A seismograph is a machine that records the ground vibrations during a quake. A needle keeps drawing straight lines until the earth trembles, then the lines start to zigzag. The bigger the zigzags, the bigger the quake. The strength of an earthquake is measured by the Richter scale. Based on the seismograph readings, the Richter scale rates a quake using numbers 0-9, nine being the mother of all quakes.
Earthquakes: The Richter Scale
The Richter Scale
- 1: Generally not felt, except by instruments.
- 2: Generally not felt, except by instruments.
- 3: Sometimes felt by people, but no damage.
- 4: Sometimes felt by people, but no damage.
- 5: Felt by most people, damage near epicenter (where the plates actually smashed into one another).
- 6: Damage to buildings within six miles (10 km) of the epicenter.
- 7: Serious damage to buildings within 60 miles (100 km) of the epicenter.
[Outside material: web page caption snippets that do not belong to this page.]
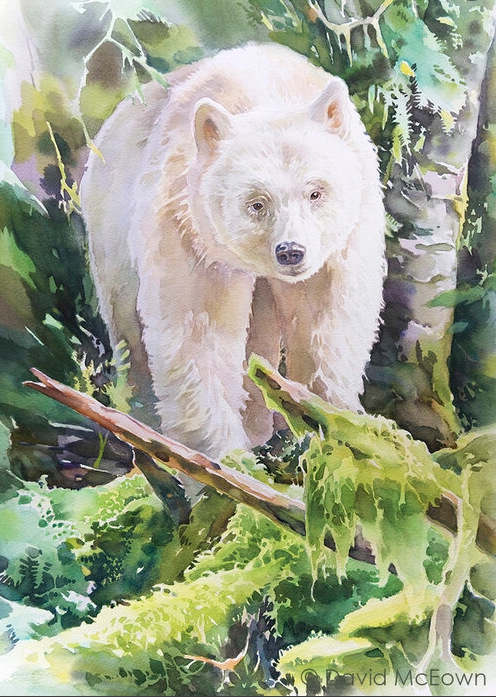 Un disegno del Kermode, il rarissimo orso bianco che i nativi chiamano Spirit Bear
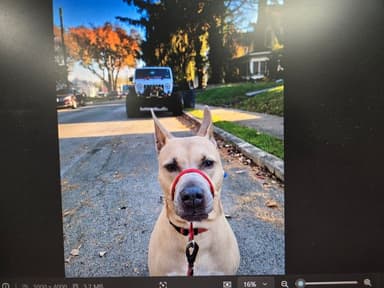 Place Preview main user avatar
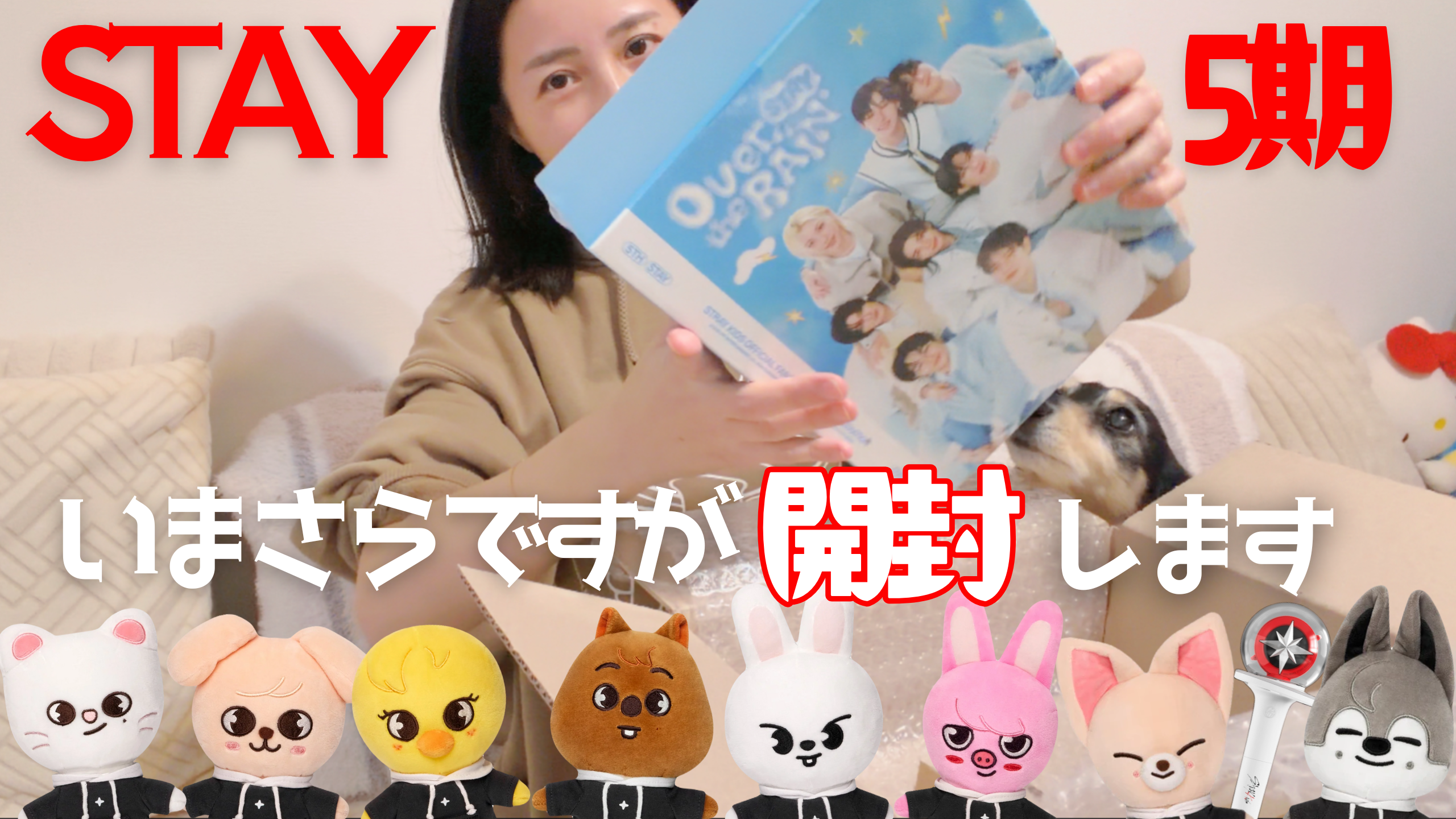 3のコピーのコピーのコピー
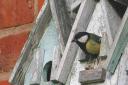 Great Tit emerging from a nest box which they can use to roost in during winter months (Photo by Gillian Day)
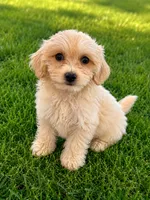 Miles, a male Morkie for sale in New Port Richey, FL – 2 of 2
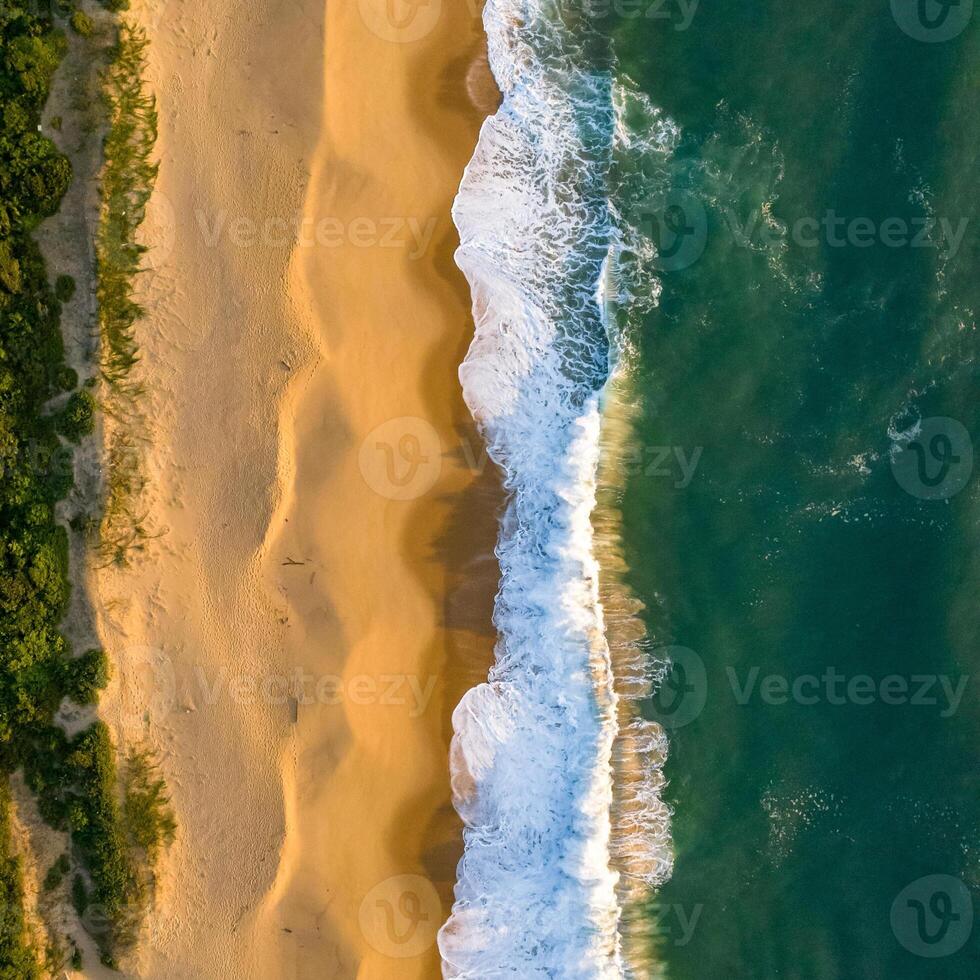 Balneario Camboriu in Santa Catarina. Taquaras Beach and Laranjeiras Beach in Balneario Camboriu. Aerial view in landscape. Square image photo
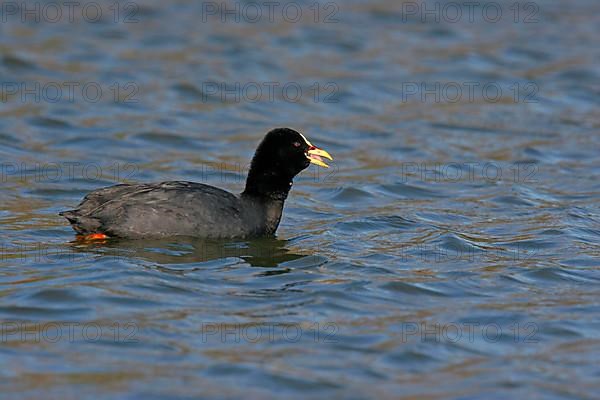 Yellow-billed Eurasian Coot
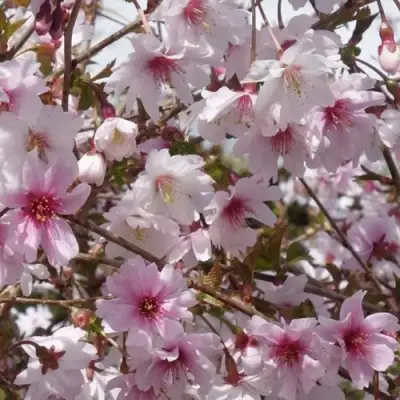 Сакура МИКИНОРИ в Слуцке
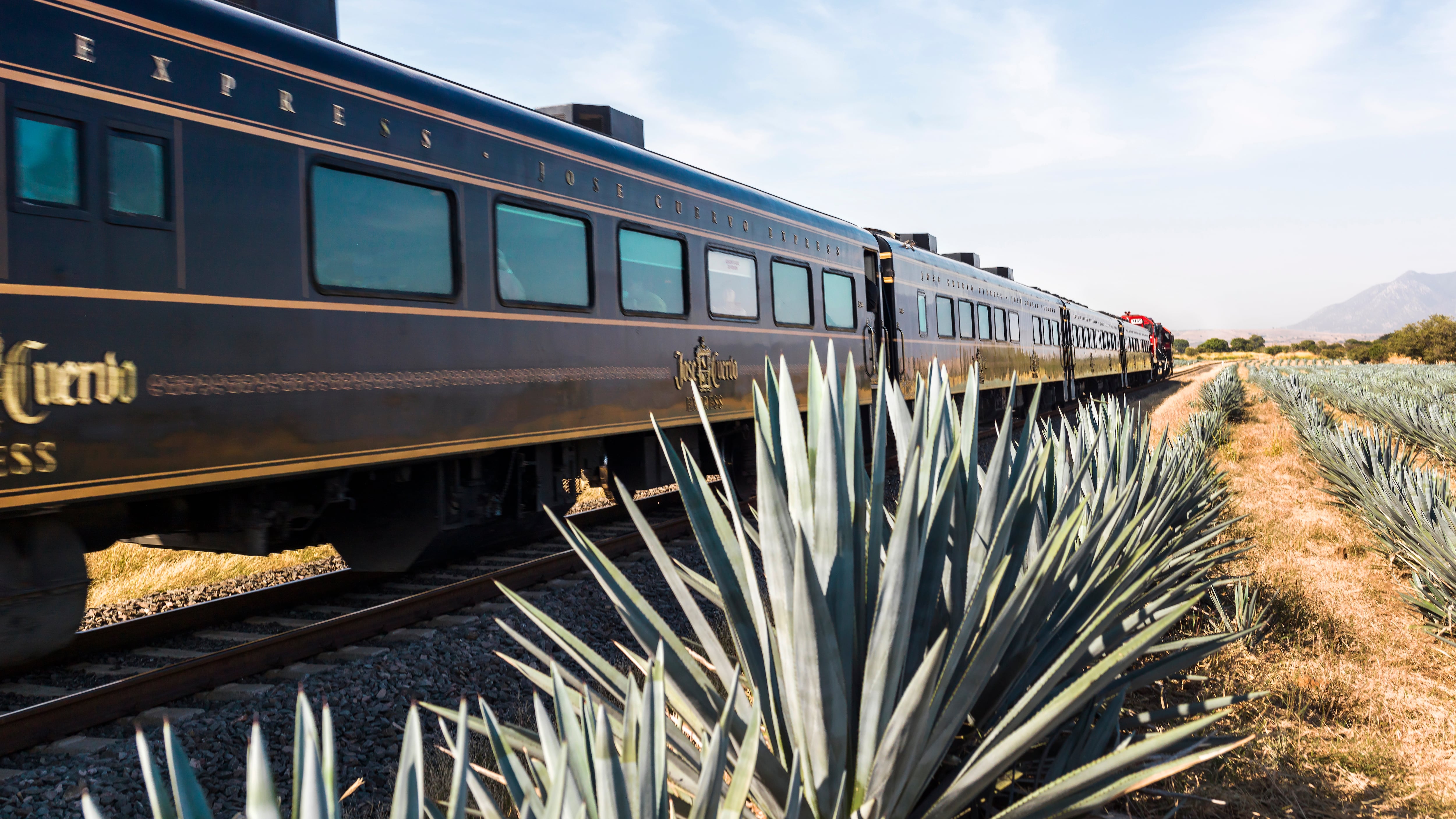 Si estás de visita en México y tu plan es ir a Jalisco, aprovecha tu estancia para conocer Tequila, uno de los destinos más emblemáticos de México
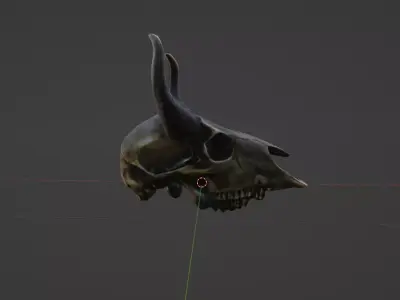 Animal Skull 3D model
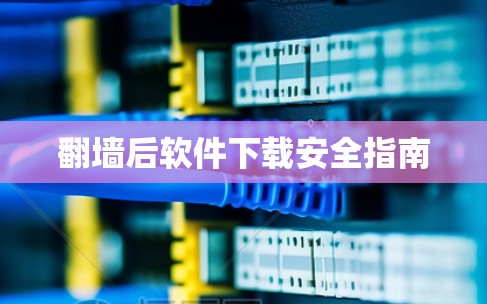 翻墙后软件下载安全指南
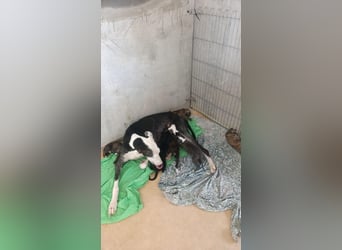 Benito - süßer Greyhound-Welpe aus Spanien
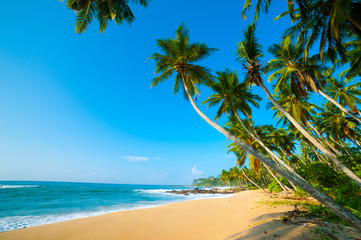 Fototapeta na wymiar Tropikalna plaża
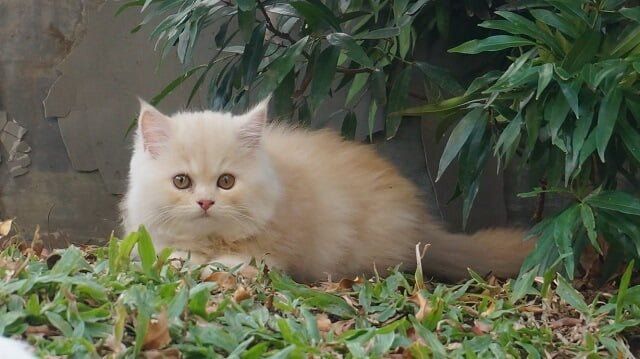 Kucing Persia Medium
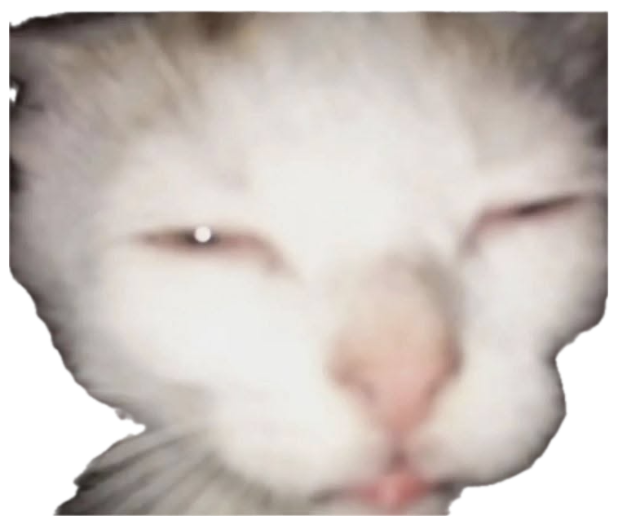 Cream cat with barely open eyes captioned about fighting the sleep allegations sticker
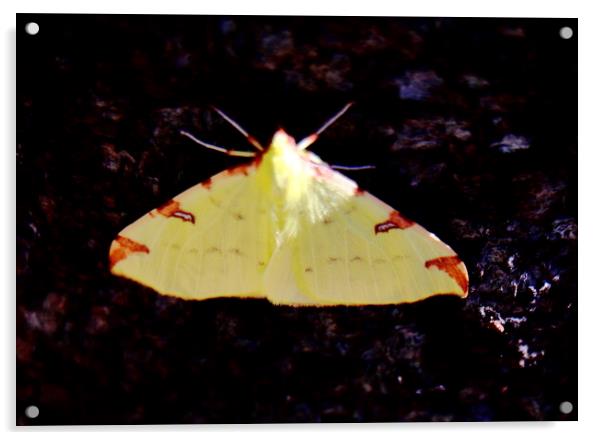 Brimstone Moth Acrylic by Bryan 4Pics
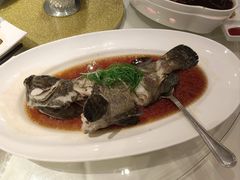 清蒸龙趸斑-文兴酒家(晶品店)
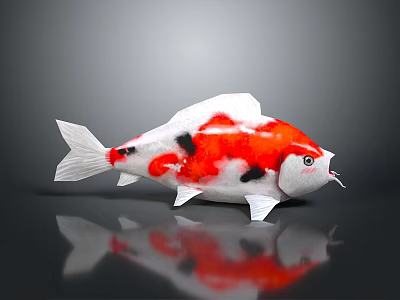 Aquatic Animal Koi Fish With Red White Black Color Pattern And Reflection On Dark Surface 3d model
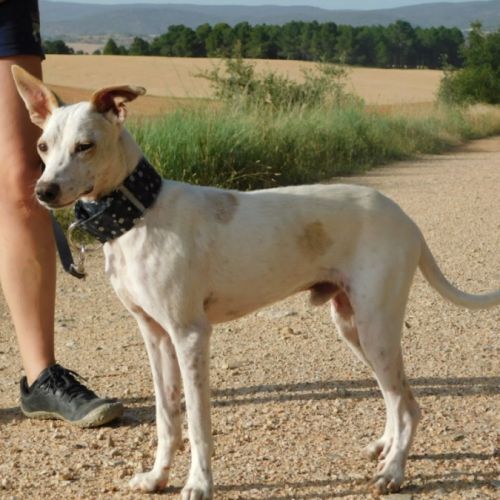 Puck, 8 mois un concentré de 9 kg de tendresse ! #3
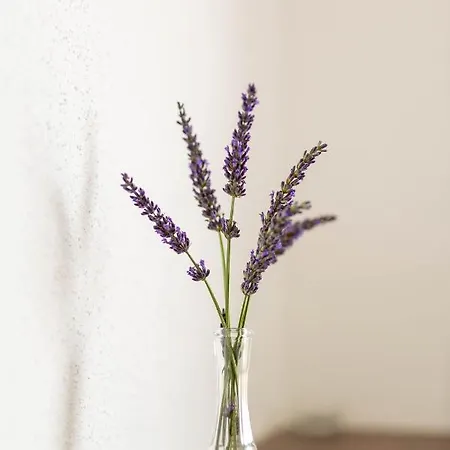 Apartmán Mia Prozor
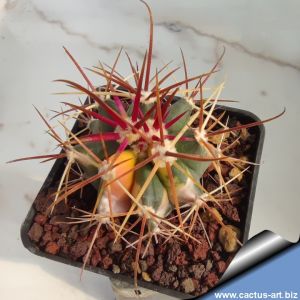 Ferocactus gracilis f. variegata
Loss of life.
- 8: Major earthquake with damage being caused to a huge area. Loss of life over 120 miles (200 km).
- 9: Very rare. Major damage and loss of life up to 600 miles (1,000 km) away.
Are They Predictable?
So far, scientists have yet to develop a reliable way of predicting earthquakes. There are, of course, many factors that they believe lead up to earthquakes, like change in groundwater chemistry, foreshocks (small, insignificant quakes) and strain in underground rocks. Because each quake seems to be caused by a different combination of these factors, it makes it very difficult to make predictions far enough in advance to help people. Seconds before a quake, pets like dogs and cats might get a little freaky, as they seem to be able to feel the trembling well before we do.!
What To Do In An Earthquake
One of the biggest quake dangers is being hit on the head or trapped under something. If you are indoors, stay put. Place something protective on your head and crouch under a table or stand in a doorway. If you are outside, quickly find an open space and stay away from things that will fall on you. After an earthquake, be prepared for aftershocks. Aftershocks follow earthquakes and are usually smaller than the actual quake. They are dangerous because they can cause things that were weakened from the original earthquake to fall down.